29-10-2015, 23:41
Sharp skinął głową niezauważalnie, zadowolony ze sposobu w jaki Blue zdecydowała się poprowadzić sytuację. Docinek o przeklinaniu przy dzieciach mogła sobie co prawda w opinii ogiera darować, no ale sądząc po minie Light, trójnoga jeszcze nie zdecydowała czy czuć się uwagą urażona, zawstydzona czy rozśmieszona, choć zdecydowanie przeważały dwa ostatnie.
Iron wciąż wyglądała na średnio zadowoloną z rozwoju sytuacji, ale po mruknięciu czegoś niezrozumiałego pod nosem wyszło na to, iż klacz kucyka ziemnego nie ma zamiaru uczestniczyć w dalszej dyskusji.

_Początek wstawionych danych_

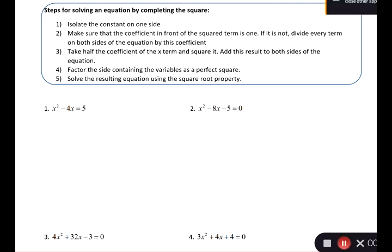Today we're going to be finishing 11.1 where we're solving an equation by completing the square. If you remember last video, we did completing the square on its own, but now we're going to be actually solving equations using this method. It's a super important method to know — you're going to use it in this class, the next class, and if you continue with further math, you're probably going to use this method.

Gdy niebieska odwróciła się do White, ta spojrzała na nią nieprzytomnym wzrokiem, dopiero po chwili zdając się załapać, że chodzi o coś związanego z jej PipBuckiem. Zkacowany kuc średnio był w stanie brać udział w dyskusji, pozostawała więc jedynie stroną bierną. Nie zmieniało to w żaden sposób stanu rzeczy; Blue faktycznie powinna móc bezproblemowo nadawać na to małe cholerstwo na kopycie młodszej klaczy. A przynajmniej tak Sharpowi się zdawało. Medyk zerknał nieprzychylnie na podobne ustrojstwo znajdujące się na jego własnej nodze. Jeśli wydostaną się z tego burdelu będzie musiał poważnie przysiąść i nauczyć się jak to działa. Ogier pokręcił lekko nosem z niezadowoleniem i zwrócił swoją uwagę z powrotem ku rozwojowi sytuacji na około.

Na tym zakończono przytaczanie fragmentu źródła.